I have been struggling with combining your 3 points in my classroom, as I just blogged about moments ago. We all need starting places as Prensky suggests.
I think this is a great site for many to enter, explore, and/or expand their 2.0 experiences.
Sorry it doesn't work for you (right now) but in the end we all have to make choices about what is important to us.
I like the reference to "single node" that David puts forth -- and I agree.
I remember when I joined here, there were just a few hundred folks (just a few months ago) and now, wow, it is amazing, and I often suggest teachers interested in tech but with no starting point to come here and engage in conversation. The community has become a bit too large for me, too.
I am not quite as engaged as I once was, but my rss is always full of great conversations from Classroom 2.0 and it is heartening how many people have responded to this one post, don't you think?
We can agree on things, and disagree on others, but I think it is clear this is a caring community concerned with our students and learning and wondering where the path ahead is going to lead us.
Repost from my blog:

Has anyone ever been kidnapped by a stranger because someone saw their personal information online?
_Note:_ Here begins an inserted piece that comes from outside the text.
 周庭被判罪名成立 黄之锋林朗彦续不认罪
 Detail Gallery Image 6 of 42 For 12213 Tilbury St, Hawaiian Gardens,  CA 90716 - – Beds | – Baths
I'm not saying the Internet is always a safe place for kids. But sometimes it seems like we get really worked up over the wrong things. Recently there's been a brouhaha at Classroom2.0 because some new members appeared who are elementary school kids. Their pictures were posted along with their names and their school. Assuming the teacher who led them in this activity had parental permission (after all, some kids need to stay hidden because of custodial issues), what is the real danger here? Other than maybe taking their photos and then editing them inappropriately (which can be done with scanned yearbook photos or newspaper clippings as well), I don't understand the fuss.

It seems to me that online dangers mostly come from kids interacting with adults and then agreeing to meet them in person - not from random adults finding personal information about random children and then snatching them against their will. Am I wrong?
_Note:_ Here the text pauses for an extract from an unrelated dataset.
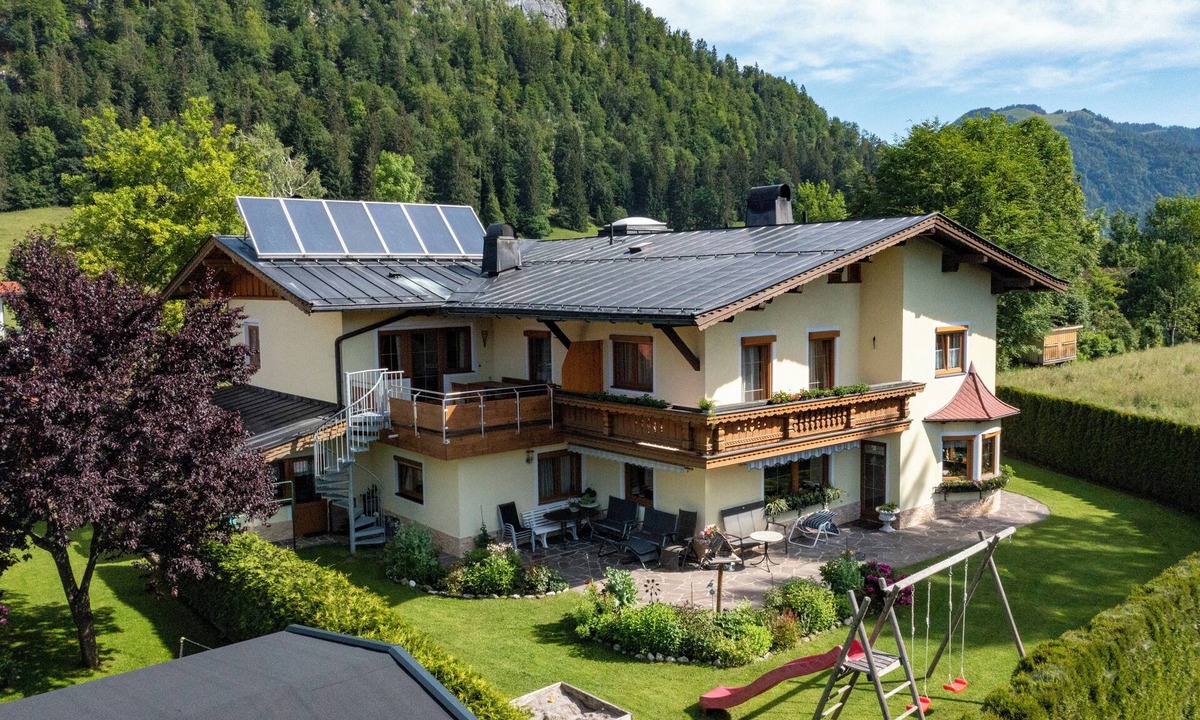 Koessen Apartment | Spacious vacation apartment in Kaiserwinkl - perfect for the whole family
If the danger is from interaction rather than information, then we need to target our instruction to interaction. Honesty on the part of kids goes a long way, both honesty in not pretending to be older than they are when signing up for services and honesty with their parents about their online activities.

Sometimes people who are hawks about this kind of thing remind me of politicians who posture to be "tough on crime" - results and reality take a backseat to rhetoric.
If ANYTHING happens to a kiddo through internet connection it makes the headlines and all the news shows. Compared to the number of kids that are online bad things happen to a teeny number--reminds me of something I heard yesterday on the news. In 1990 there were 2200 murders in NYC, this year so far there and been 428 murders and only 35 were stranger murders. What people hear on the news affects their opinion about things--dangers in NYC, predators on the internet. One bad thing happening to a kid is one too many and parents and teachers are on alert.